2008年07月08日 21時29分56秒 | 展覧会の紹介-現代美術
 槌本さんは札幌出身で、武蔵野美大でテキスタイルを学び、この春に卒業した若手です。この秋からスウェーデンに留学する予定だそうです。

 札幌で初の発表・個展になる今回は、細長いギャラリー門馬アネックスの中央にどーんとテキスタイルを天井からつりさげたインスタレーションで、見ごたえ十分です(というか、ぜひ見てほしいです)。

 作品は2点のみ。
 近くの壁に、作品を女性がまとっているときの写真や、日英併記の詩がパネルに仕立てられて添えられています。

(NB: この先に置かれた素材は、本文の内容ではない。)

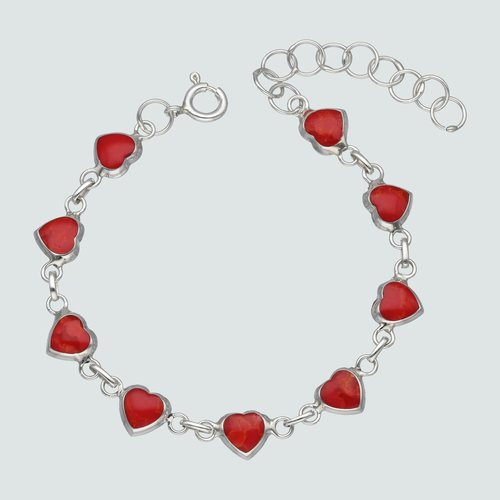 Pulsera Corazón Jaspe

 個展のタイトルにもなっている“The Dawn”に添えられた詩。

それは日常に蕩け
それは自然に溶ける

混沌と秩序の交わり

日が沈み また昇るように
生物は土に還り、また糧となる

古の世界に思いを馳せ

静謐を祈る


 英語では、最後の行が

I pray for peace

になっています。

 筆者は、もこもこした布を見ながら
「ああ、この作者にとって、世界は、このように立ち現れているのか」
と、感じていました。

 それは、唐突な聯想かもしれませんが、初めて上野憲男さんの絵を見たときのことを思い出しました。
 アーティストによって、世界の見え方、現れ方というのは、ほんとうにさまざまです。

 石や豆をいったん織り込み、形状記憶させた布は、一般では考えられないほど凹凸がついています。
 シルクオーガンジーやフェルト、真綿などを自在に継ぎ合わせ、場所によって極端に薄いところと厚いところが生じています。

 色は草木染めで
「すおう・タンガラ/刈安・柘榴 ミロバラン 胡桃」
などの名がデータにしるされています。




 近づいてじっと眺めてみても、布というよりは、大地がそこにあるみたい。

 「夜明け」という題にふさわしい原初のおもむきがあります。




 「まず、でこぼこした表面をさわって、楽しく感じてもらえれば」
と作者は言っているので、さわってもOKのようです。

 そのあとで作品の持つ意味について考えてくれたら-ということのようです。

 槌本さんの作品の場合、題も重要ですし、詩もワンセットです。
「題を後でつけるのっていやなんですよ」
 すこしおおげさな言い方になるかもしれませんが、彼女の哲学が、題や詩に(もちろん、布にも)こめられているのでしょう。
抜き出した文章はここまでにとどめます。